_Data block_:
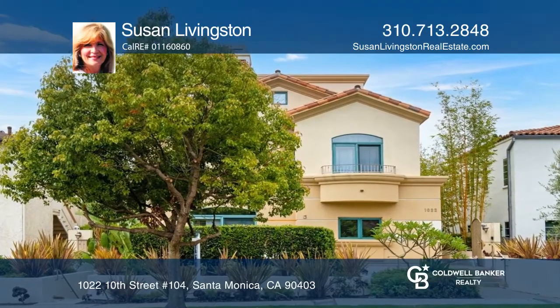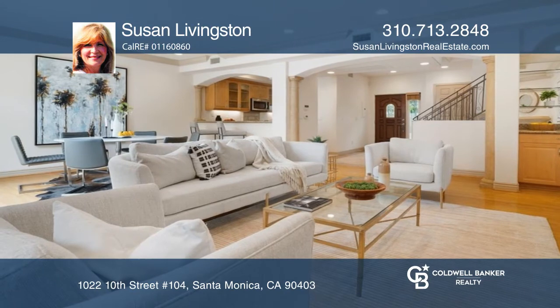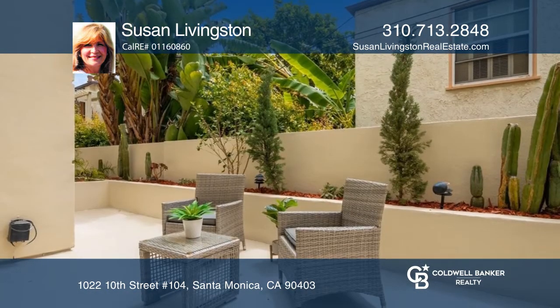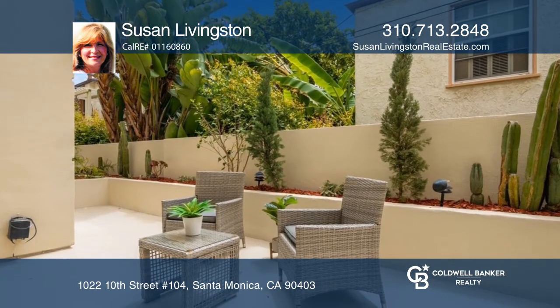Don't miss this Mediterranean style townhouse in Santa Monica's most desirable location. Open living area with hardwood floors, a stone fireplace, and natural light. Perfect for indoor outdoor living.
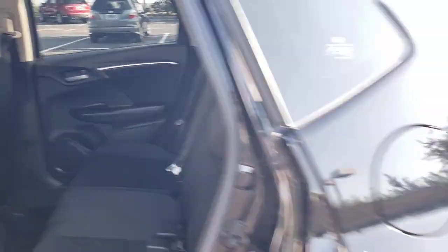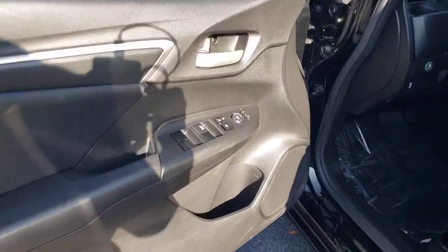Stability control, rear spoiler, pass-through rear seat, intermittent wipers, traction control, tire pressure monitoring system.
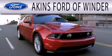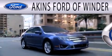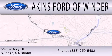Aiken's Ford of Winder is dedicated to doing everything possible to ensure that the experience you have selecting your next vehicle is as pleasant as possible. We're located at 220 West May Street in Winder.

_Exercise requirements_: Omitting the images, copy the listing exactly.

_Output for this task_:
Don't miss this Mediterranean style townhouse in Santa Monica's most desirable location. Open living area with hardwood floors, a stone fireplace, and natural light. Perfect for indoor outdoor living.
Stability control, rear spoiler, pass-through rear seat, intermittent wipers, traction control, tire pressure monitoring system.
Aiken's Ford of Winder is dedicated to doing everything possible to ensure that the experience you have selecting your next vehicle is as pleasant as possible. We're located at 220 West May Street in Winder.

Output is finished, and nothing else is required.